By contrast, the large hand that closed around the watch showed far more use and tear. But Yoo Joonghyuk’s movements were resolute when he snatched the watch from him, slipped it in his pants’ pocket, and drew the chain to tie it to his belt loop. All the while, he was glaring at Kim Dokja.
Kim Dokja’s lips twitched.
“You wear it with the chain? That’s a bit old-fashioned, Yoo Joonghyuk.”
It suited him, though.
Yoo Joonghyuk bent over the table and extended an arm. Kim Dokja leaned away from it, mildly alarmed—surely this wasn’t what would drew Yoo Joonghyuk to violence if the earlier teasing hadn’t done it—but all Yoo Joonghyuk did was yank his coat from behind him.
“Stop being a nuisance,” Yoo Joonghyuk growled.
He left the black coat in a heap on a chair closer to him.
“All right, all right, Joonghyuk-ah. I’ll behave.”
Yoo Joonghyuk gave him a doubtful look, but Kim Dokja was already settling back with his phone.
He didn’t actually want to get kicked out of the kitchen. The lights here were a nice change from the one in his room, and the oven kept the place warm. That’s why it was more comfortable than his bedroom.
He decided to see what parts of TWSA mentioned Yoo Joonghyuk cooking. Was the novel truly as sparse on the topic as he remembered it?
He ended up so deep in his research rabbit hole that he didn’t notice the sun rising, or Yoo Joonghyuk turning off the ceiling light.
The bowl clacking on the table in front of him nearly had him jump out of his skin.
“Huh?” he said.
The food was steaming hot and wafting heavenly scents toward his nose. He found himself inhaling deeply before he caught himself.
“Yoo Joonghyuk?” he said, confused, as the man himself headed for the door with a full tray. “So there were leftovers?”
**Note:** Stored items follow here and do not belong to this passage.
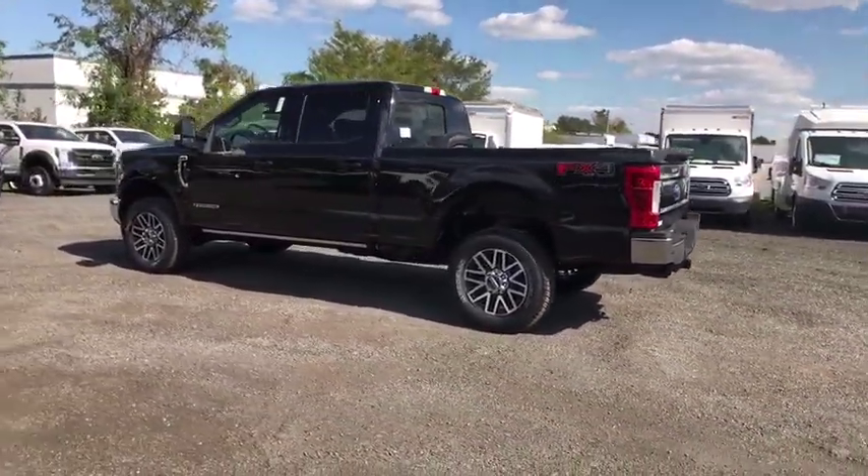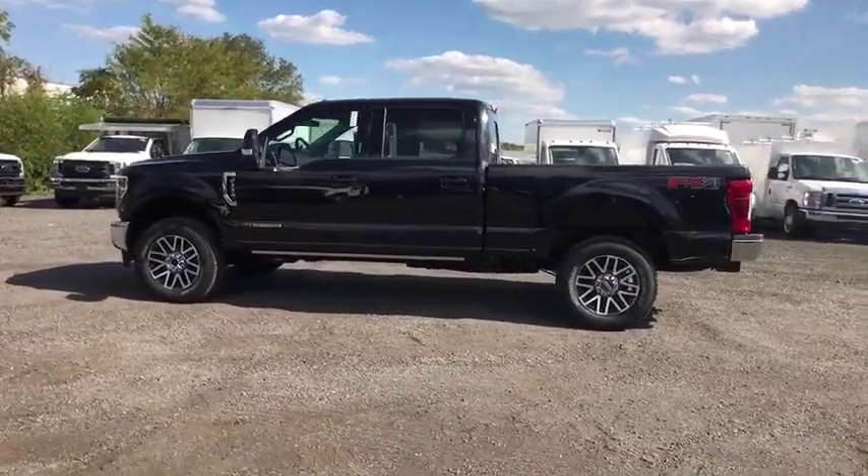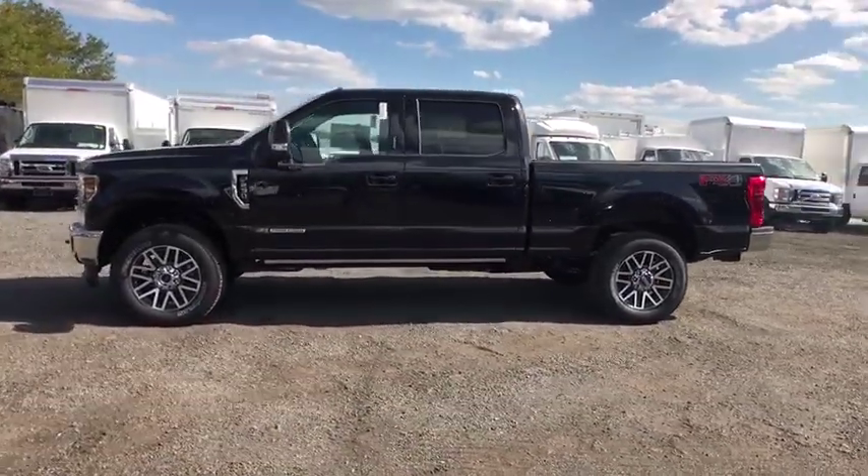If affordable style and reliability are what you're looking for, this vehicle couldn't be more perfect. Drive it today.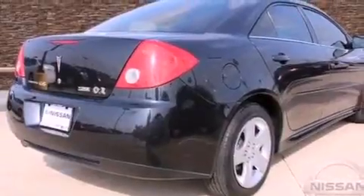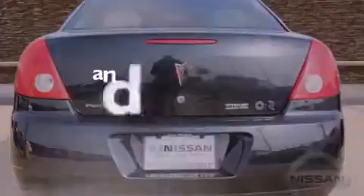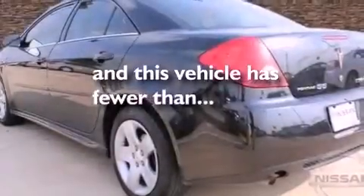Features include air conditioning, traction control, an anti-lock braking system, side impact airbags, latch-ready child seat anchors, and this vehicle has less than 59,000 miles.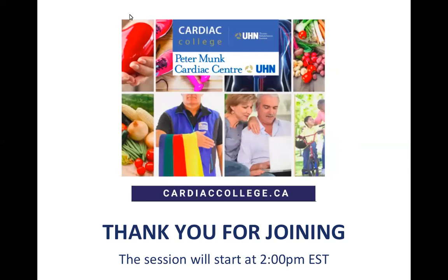Hello everyone. Welcome to today's Cardiac College Learn Online session. Today's session has been pre-recorded. It will last about 25 minutes and at the end of that time the dieticians will be joining us for a live question and answer period. If at any time you have questions during the session you can type them into the Q&A button and the dieticians will get to them at the end of the session.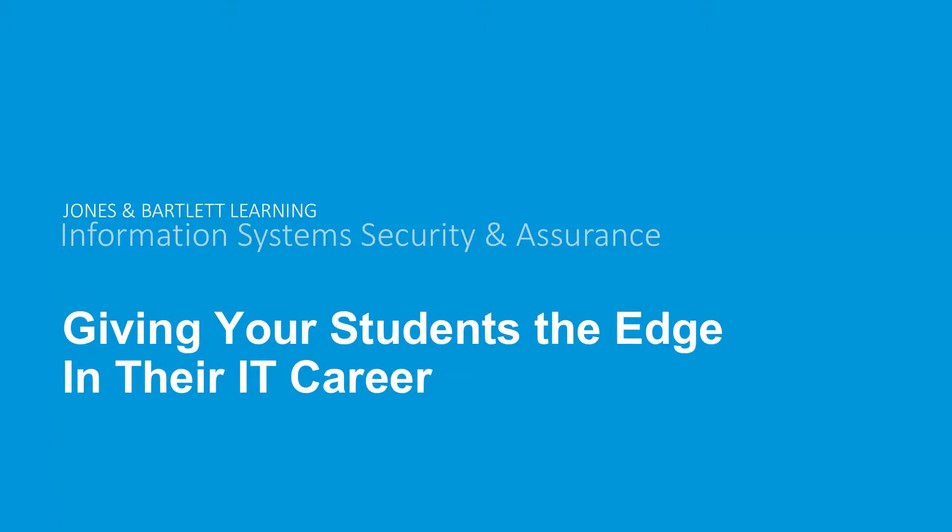Hello, everyone. My name is Amy Langlis, and I want to welcome you all to today's webinar. We'll be introducing the upcoming new 3.0 release of our virtual security lab. I am also joined by Laura Padlucia, our acquisitions editor for computer science and cybersecurity, and Ned Hinman, our product manager for custom solutions. Laura and Ned will be jointly presenting our cybersecurity products and demonstrating the new features of our virtual labs. At this time, I'd like to turn the presentation over to Laura.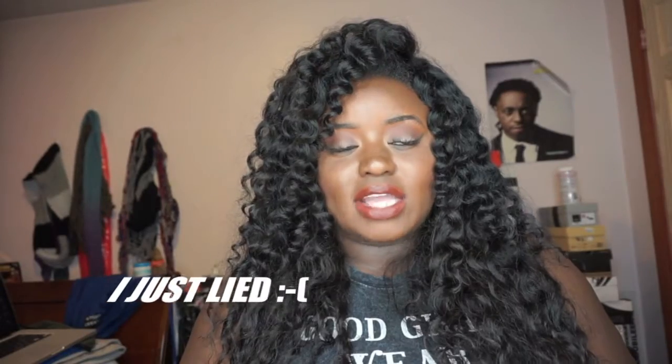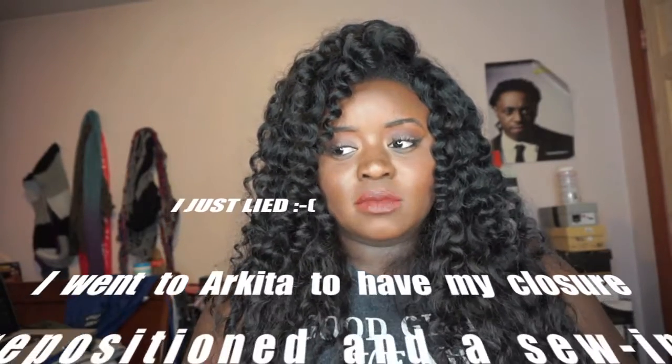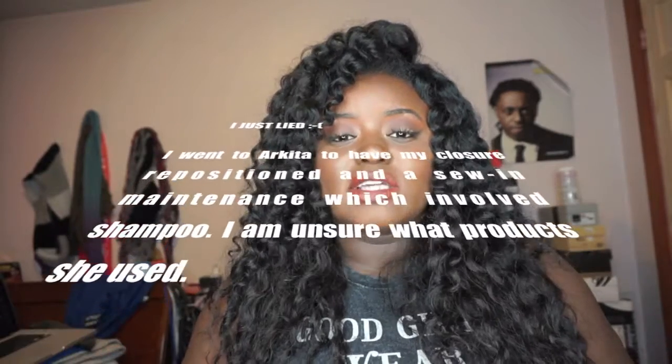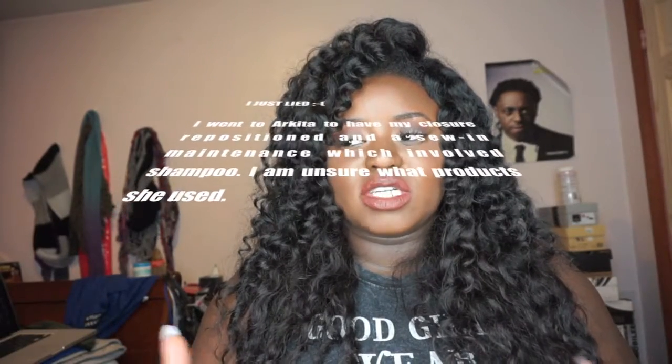I don't shampoo this hair — I don't shampoo curly hair at all, only because I know it takes a lot to moisturize it. I'd rather not put it through the stress of stripping its moisture with shampoo. So I just try to co-wash the hair every three days. When I do co-wash it, I use the Suave Sleek conditioner. I like that conditioner for curly hair because it's so lightweight and it doesn't leave a funky residue on my hair.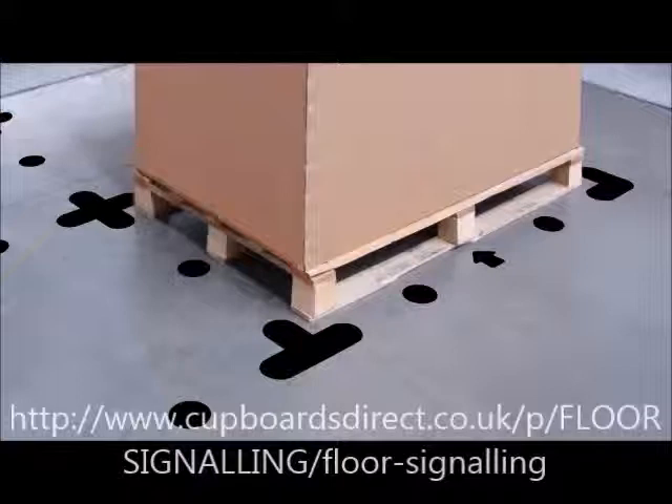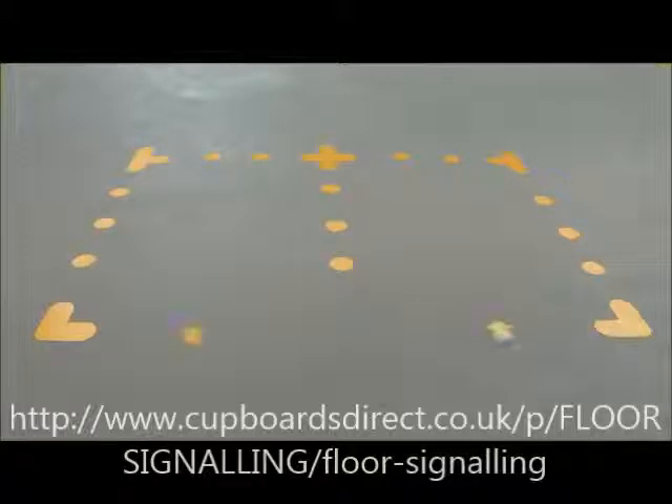Plus five different shapes for multiple functions: an L shape for marking corner pallet positions, a cross for central positions, a T for in between the pallets. There are dots for walkways and directional arrows for indicating traffic flows.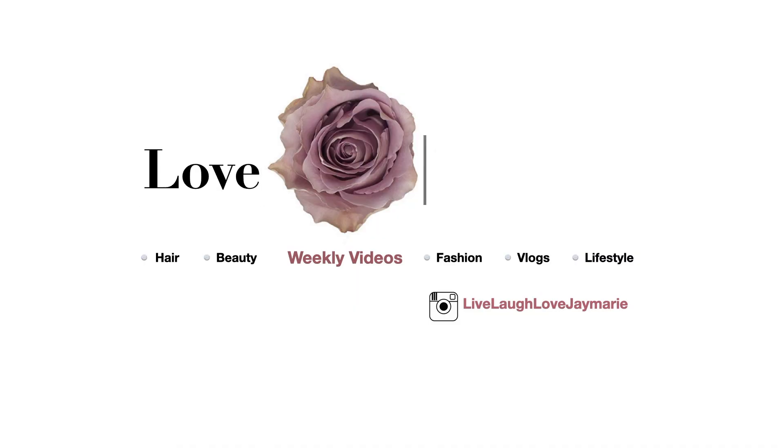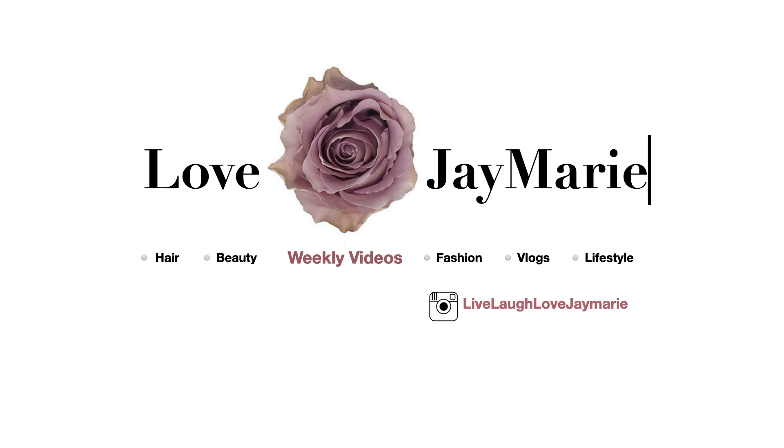Hello beauties, I'm Jay Marie and welcome back to my channel. If you're new here, go ahead and hit that subscribe button — I would love you to join my fam. I do a lot of hair, beauty, and lifestyle videos, and I would love for you guys to join me. In today's video I'm actually doing a Zara haul for you guys.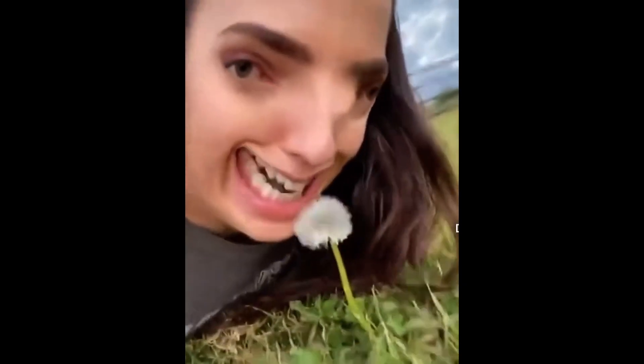Oh look, a dandelion — must be the last one this season. It's safe to say humans are a little bit strange, but there was once a time when we didn't have a camera to record ourselves for TikTok.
Yoo Joonghyuk sent him a dry look. He disappeared without answering.
Kim Dokja looked around. The kitchen was already spotless, every dish cleaned and back in its place. There was no one else around, and the food was only going to get cold, so…
Well, if anyone else had wanted Yoo Joonghyuk’s cooking, they should have gotten up earlier. He cheerfully set aside his phone and dug in.